Die Koalition will in Sachsen seit Jahren mit einer neuen Kennzeichnung Ermittlungen gegen Polizisten erleichtern. Jetzt ist klar: Kennzeichnungspflicht für Polizisten soll kommen.

Noch in diesem Jahr sollen Ermittlungen gegen sächsische Polizisten nach Großeinsätzen wie Demonstrationen und Fußballspielen erleichtert werden: Das Innenministerium will bis Ende 2023 die Kennzeichnungspflicht für Polizisten in geschlossenen Einheiten umsetzen. Das kündigte das Innenministerium auf LVZ-Anfrage an. Geplant ist, dass die Polizisten durch einen Nummerncode identifizierbar sind. Ihre Namen werden auf der Uniform nicht zu lesen sein.
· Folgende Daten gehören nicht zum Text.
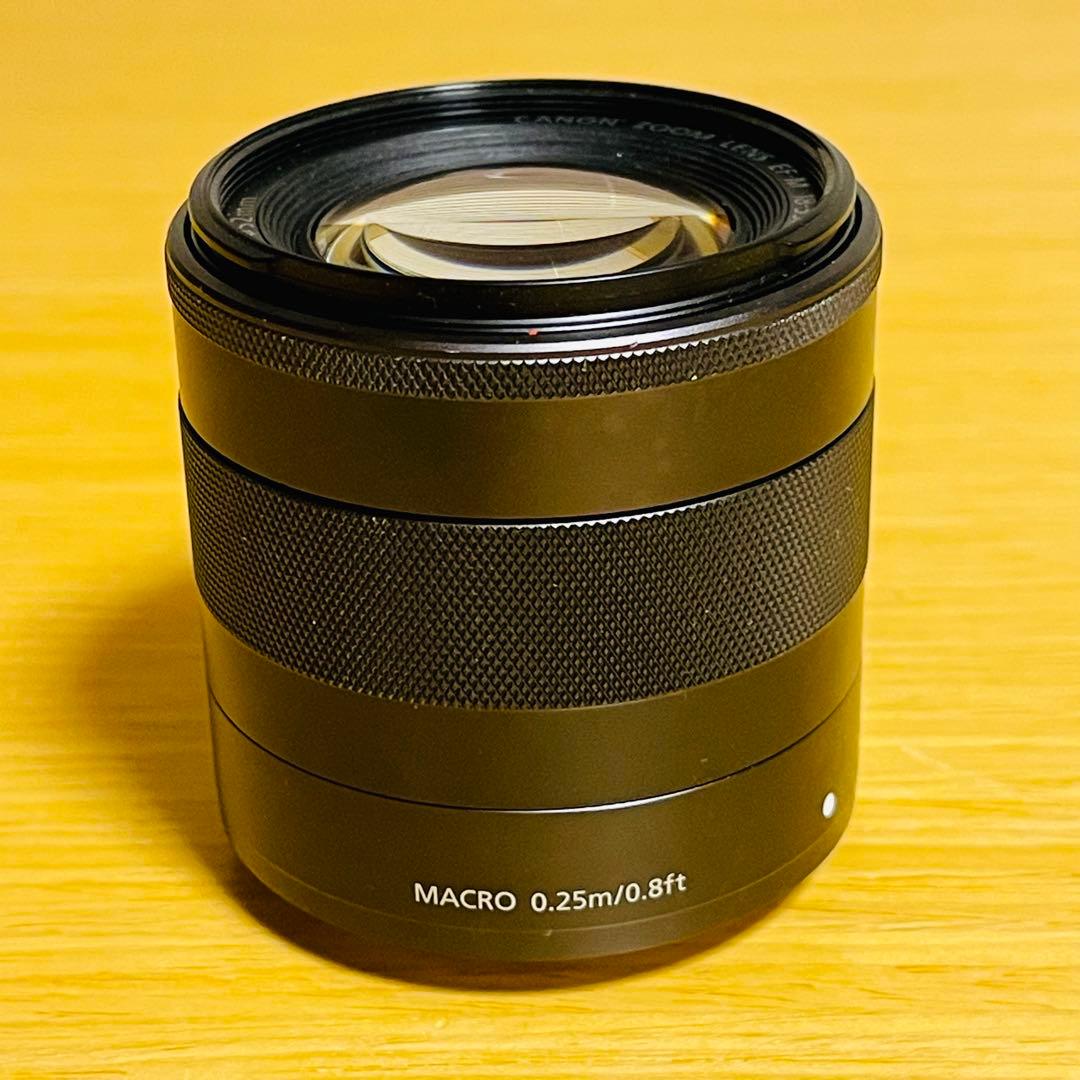 【美品】Canon EOS M2 ホワイト ミラーレス 一眼レフ デジタルカメラ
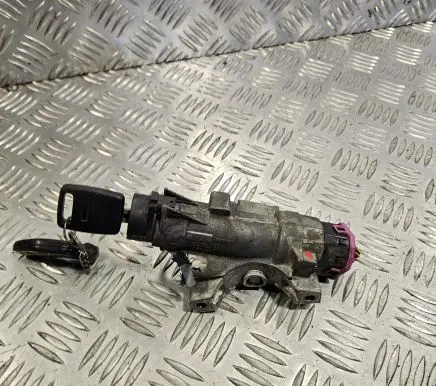 Audi A4 S4 B5 8D Ignition lock 4B0905851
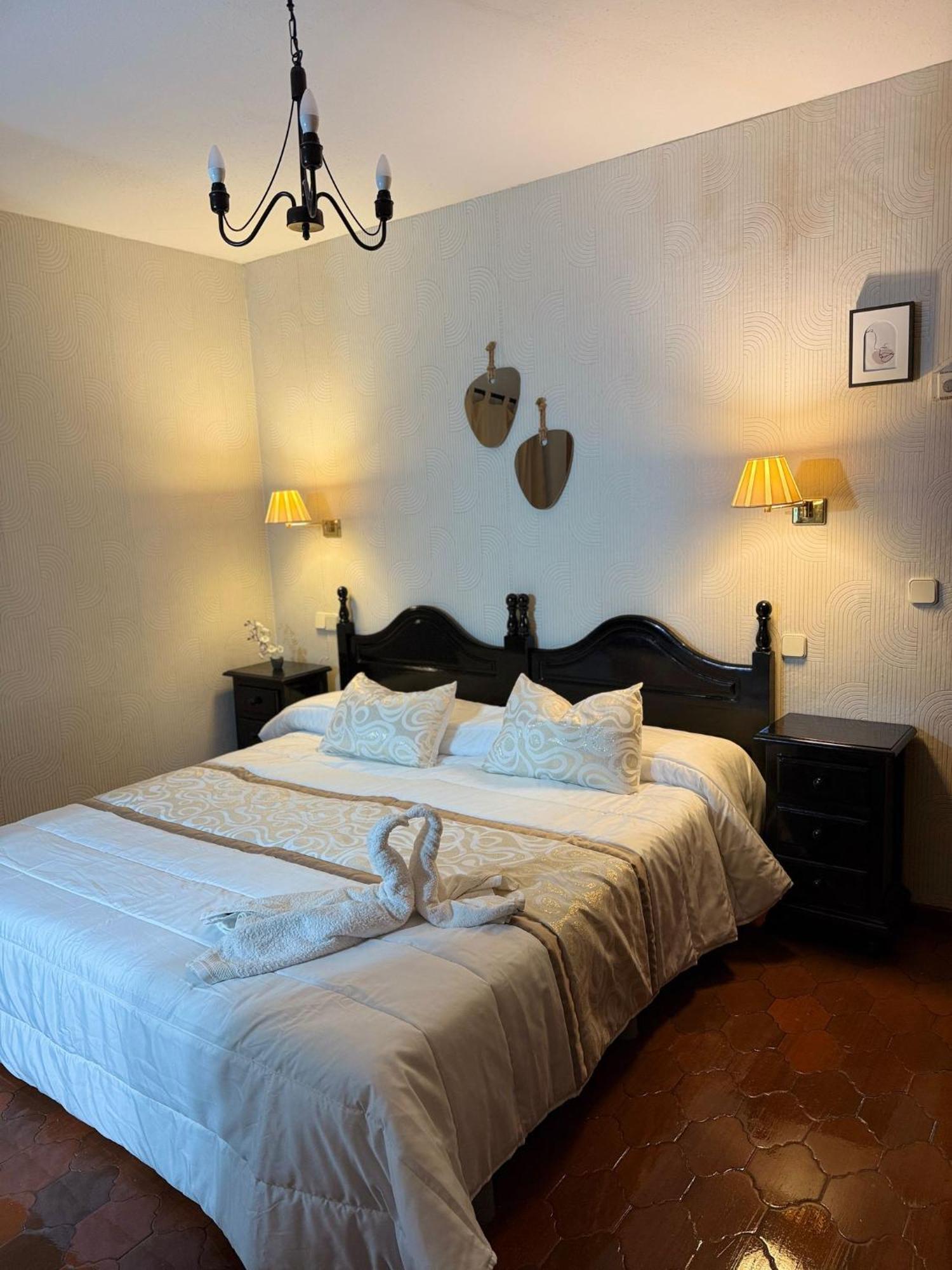 El Valle Hostal Restaurante La Pradera de Navalhorno Ngoại thất bức ảnh
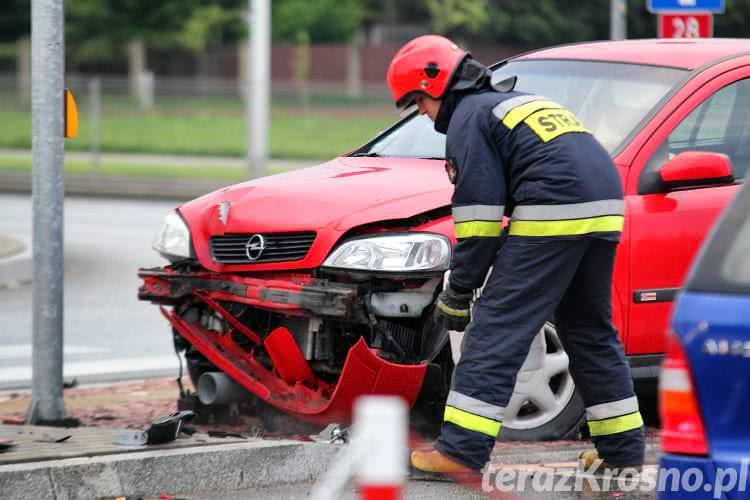 "Nie dostosował prędkości do warunków". Wjechał w sygnalizator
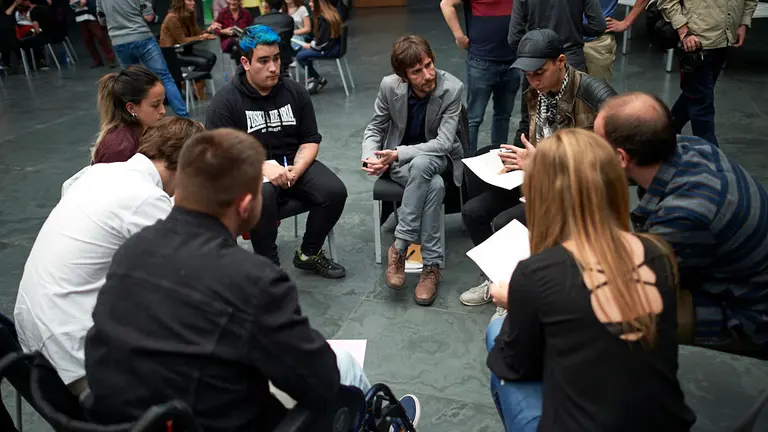 Representantes de la juventud dialogarán con los candidatos de Navarra Suma, Geroa Bai, EH Bildu, Podemos, PSN e Izquierda-Ezkerra a la Presidencia del Gobierno foral. MIGUEL OSÉS 2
Die Maßnahme ist ein Kernanliegen der Grünen. Auch die SPD hatte sich in den vergangenen Jahren für die Einführung der Kennzeichnungspflicht eingesetzt, die in anderen Bundesländern Standard ist, in Sachsen aber lange abgelehnt wurde. Ende 2019 hatten die schwarz-grün-roten Partner im Koalitionsvertrag die Kennzeichnung vereinbart. Auch die CDU hält daran trotz mancher Bedenken aus ihren Reihen fest: „Die einzelnen Maßnahmen des Koalitionsvertrages sind für uns selbstverständlich umzusetzen“, sagte Innenpolitiker Ronny Wähner (CDU).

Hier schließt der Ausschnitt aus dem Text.